§ **DESCRIPTION OF THE TASK**
Only the lines from the one with "Gutter Debris Removal in Embarrass, MN" to the end of the data, both ends included, should be output, exactly as they stand and without pictures.

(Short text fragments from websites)
+++
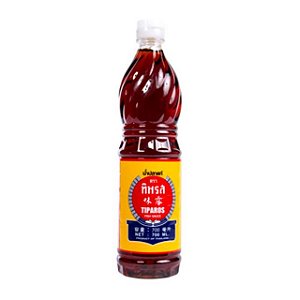 Molho De Peixe Tailandês Nam Pla 700Ml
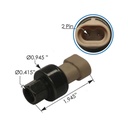 Binary Switch AC Freightliner 577.46608 22-51296-000 BA1620 2251296000 2212004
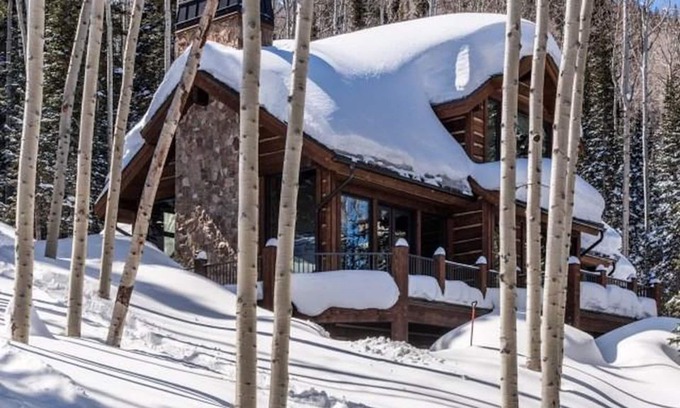 Park City House | Ski-in/Ski-out Chalet at lift 9900 and Peak 5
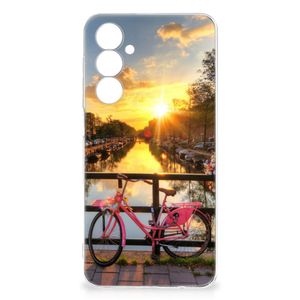 Samsung Galaxy A54 5G Siliconen Back Cover Amsterdamse Grachten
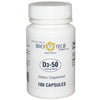 Vitamin Supplement Bio Tech™ Vitamin D3 5,0000 IU Strength Capsule 100 per Bottle - 53191036201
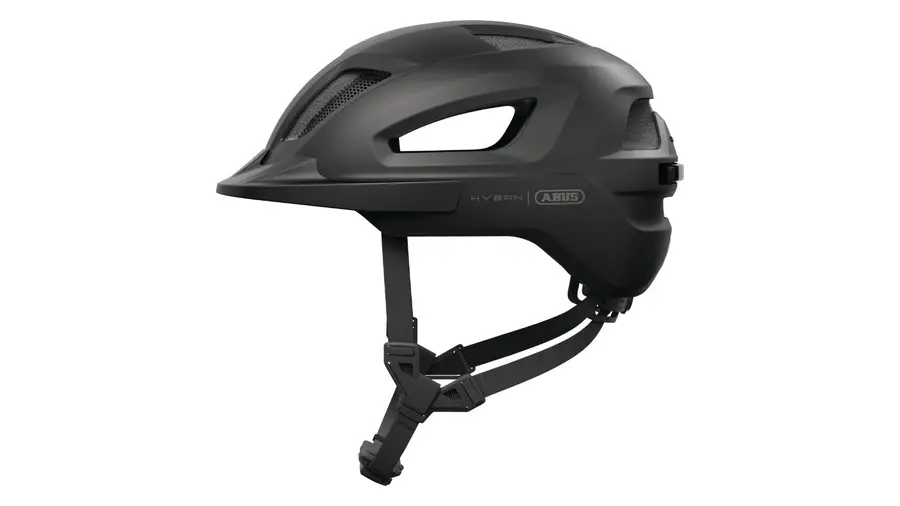 Abus Hyban 3.0 velvet black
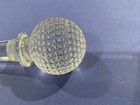 Golf Ball  Decanter Stopper Bottle Cork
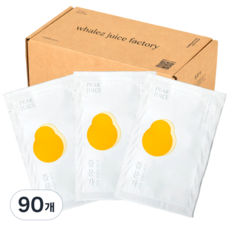 즙문가 배즙, 90개, 100ml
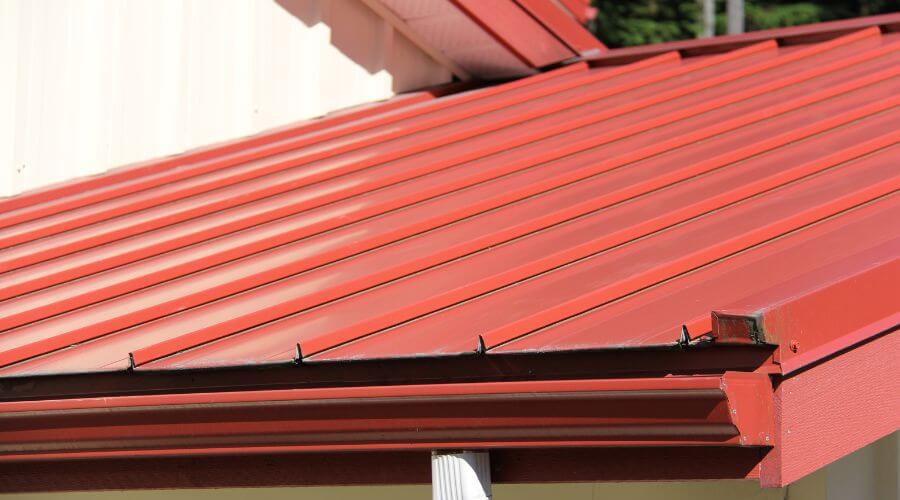 Gutter Debris Removal in Embarrass, MN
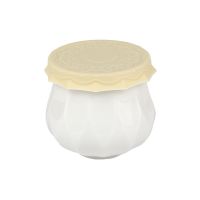 Банка для меда 150мл с силиконовой крышкой 811-0520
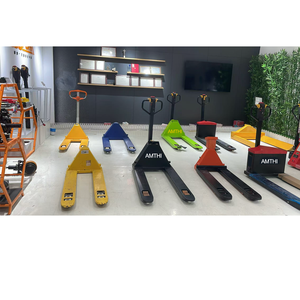 Chariot élévateur à palettes de 2 tonnes, conversion électrique, système d'alimentation 48V, faible coût d'entretien à vie - Product Image 6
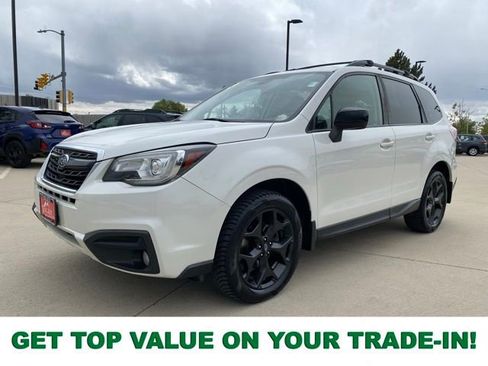 Used 2018 Subaru Forester 2.5i Premium w/ Popular Package #3B AWD/4WD image 1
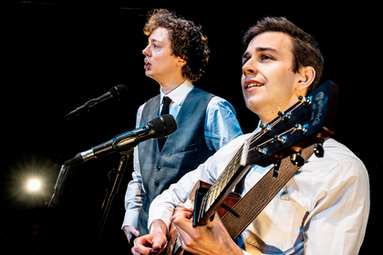 Vergrößerte Ansicht von The Simon &amp; Garfunkel Story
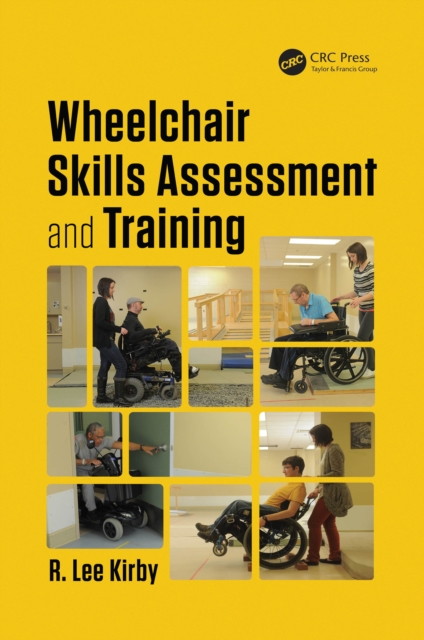 Wheelchair Skills Assessment and Training, EPUB eBook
+++
§ **WRITTEN SOLUTION**
 Gutter Debris Removal in Embarrass, MN
 Банка для меда 150мл с силиконовой крышкой 811-0520
 Chariot élévateur à palettes de 2 tonnes, conversion électrique, système d'alimentation 48V, faible coût d'entretien à vie - Product Image 6
 Used 2018 Subaru Forester 2.5i Premium w/ Popular Package #3B AWD/4WD image 1
 Vergrößerte Ansicht von The Simon &amp; Garfunkel Story
 Wheelchair Skills Assessment and Training, EPUB eBook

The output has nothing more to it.